蝦夷談筆記(読み)えぞだんひつき

日本歴史地名大系 「蝦夷談筆記」の解説

蝦夷談筆記
えぞだんひつき

二冊

別称 蝦夷人談筆記・蝦夷記 勘右衛門談・松宮観山編

成立 宝永七年

写本 北海道大学附属図書館・道立図書館・東京大学史料編纂所

解説 宝永七年幕府の巡見使に随行して松前を訪れた編者が、巡見使一行の案内に加わったと思われる蝦夷通詞勘右衛門から聞いた松前および蝦夷地の事情で、アイヌの生活や風俗などを信頼のおける情報によって記したもっとも初期の文献である。
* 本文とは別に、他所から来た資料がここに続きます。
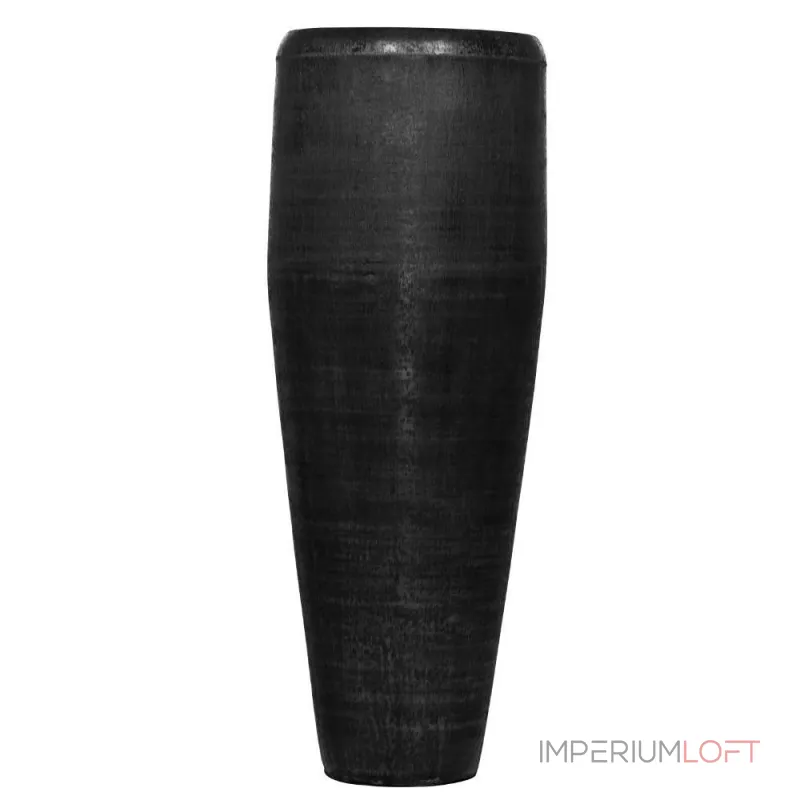 Ваза декоративная Eglo MIYAZAKI 421191 от ImperiumLoft Ваза декоративная Eglo MIYAZAKI 421191 от ImperiumLoft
本書は上下二巻に分れ、上巻には松前・蝦夷地の様子を四十数項目にわたって述べ、そのなかにはアイヌについて興味深い記事が多い。すでに義経伝説も記され、アイヌ語の語彙百数十を収録している。下巻は寛文九年に始まるシャクシャイン蜂起についての勘右衛門の体験談を書留めたものである。勘右衛門については「右一揆の節廿歳にて佐藤権左衛門手に付、諸事自ら見分致候由也」と記されている。